4. A music recommendation device based on natural language processing, comprising:

the recommended song list acquisition unit is used for correspondingly acquiring a recommended song list according to the song type corresponding to the emotion value of the target song;

the recommendation list obtaining unit includes:

the second initial list acquisition unit is used for acquiring an initial recommended song list with the same type as the song type from a pre-constructed song library according to the song type corresponding to the emotion value of the target song;

a second song information acquisition unit, configured to acquire song information corresponding to a current song being played; wherein the song information at least comprises a song label combination;

a first set obtaining unit, configured to calculate a coincidence value of a song label combination corresponding to each song in the initial recommended song list and a song label combination of the current song, so as to form a first coincidence value set;

a second set obtaining unit, configured to calculate a coincidence value of a song label vector corresponding to each song in the initial recommended song list and a song label vector of the current song, so as to form a second coincidence value set;

A similarity set obtaining unit, configured to calculate and obtain a comprehensive similarity set corresponding to the initial recommended song list according to a first weight preset by the comprehensive similarity set=a first overlap ratio value set+a second weight preset by the second overlap ratio value set;

and the second song sorting and screening unit is used for acquiring songs positioned before a preset first ranking value in the integrated similarity set so as to form a recommended song list.

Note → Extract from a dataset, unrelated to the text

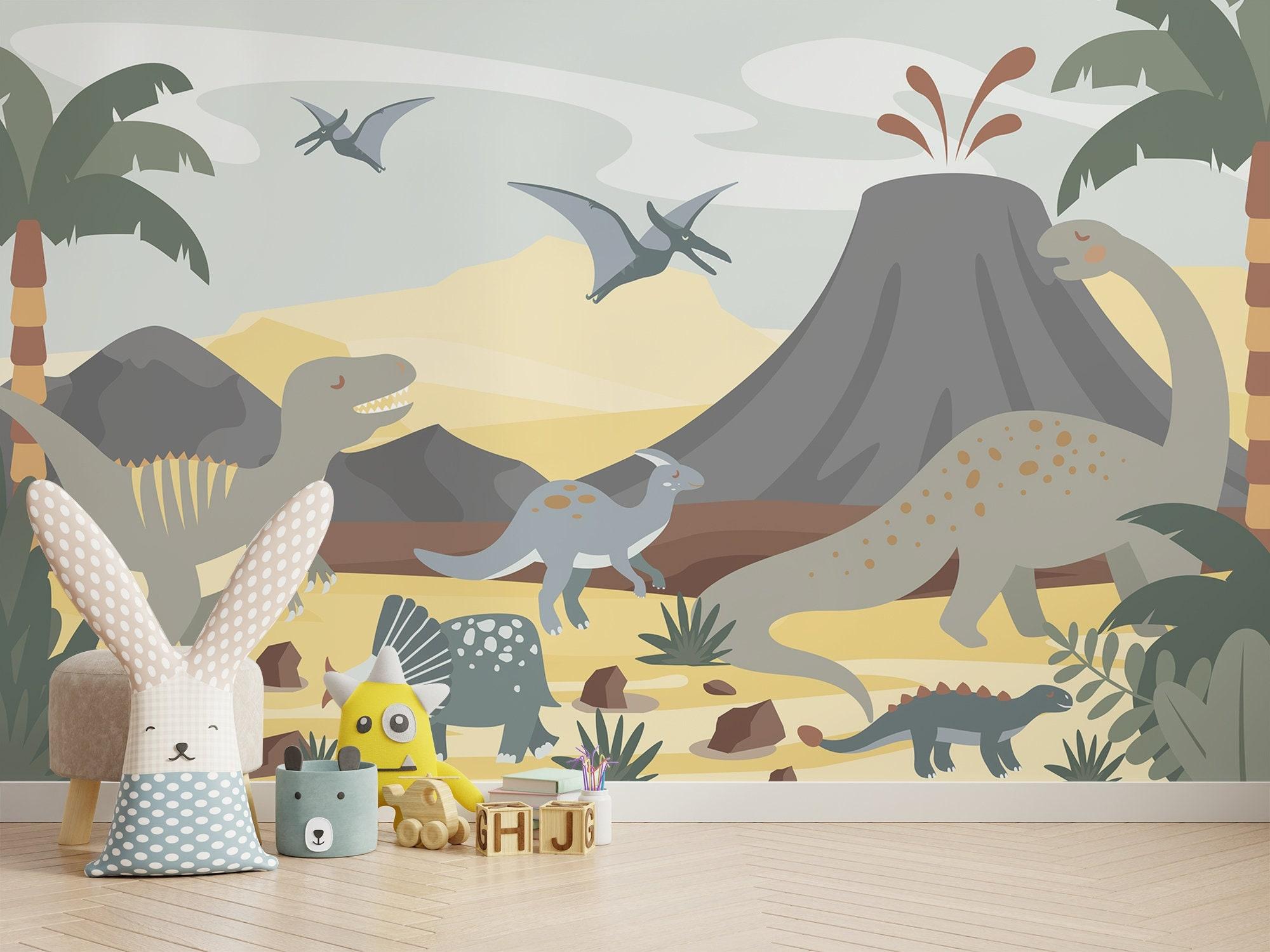 Kids Dinosaur Wallpapers Top Free Kids Dinosaur Backgrounds WallpaperAccess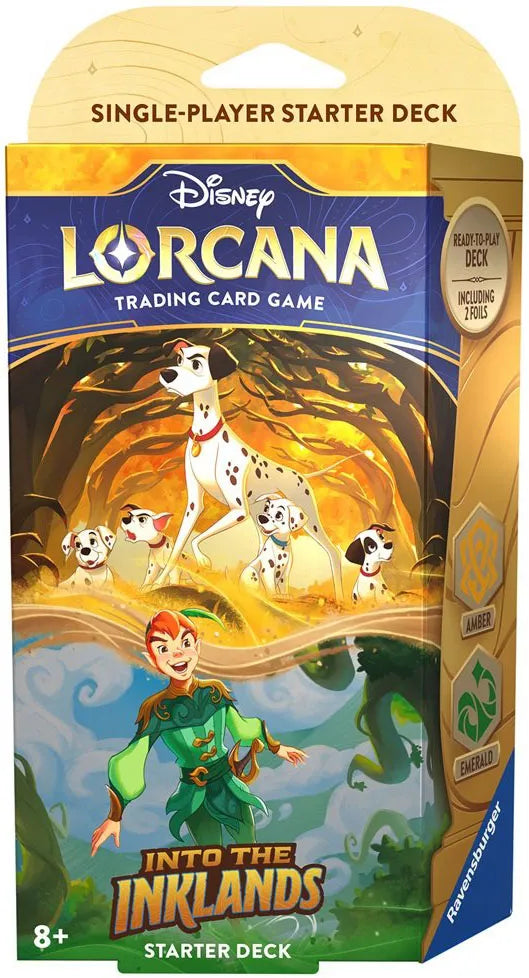 Disney Lorcana Into The Inklands Starter Deck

5. The music recommendation device based on natural language processing according to claim 4, wherein the song vector acquisition unit comprises:

the word segmentation unit is used for segmenting the lyrics of each song in the history song list through a word segmentation model based on probability statistics to obtain word segmentation results corresponding to the lyrics of each song;

the keyword extraction unit is used for extracting keyword information positioned before a preset first ranking value in a word segmentation result corresponding to the lyrics of each song through a word frequency-inverse text frequency index model to serve as a target keyword set corresponding to the lyrics of each song one by one;

the target vector acquisition unit is used for acquiring target word vectors corresponding to the keyword information in each target keyword set;

And the song vector calculation unit is used for acquiring the song vectors corresponding to each target keyword set one by one according to each target word vector in each target keyword set and the weight corresponding to each target word vector.

6. A computer device comprising a memory, a processor and a computer program stored on the memory and executable on the processor, wherein the processor implements a natural language processing based music recommendation method as claimed in any one of claims 1 to 3 when the computer program is executed.

7. A computer readable storage medium, characterized in that the computer readable storage medium stores a computer program which, when executed by a processor, causes the processor to perform the natural language processing based music recommendation method according to any one of claims 1 to 3.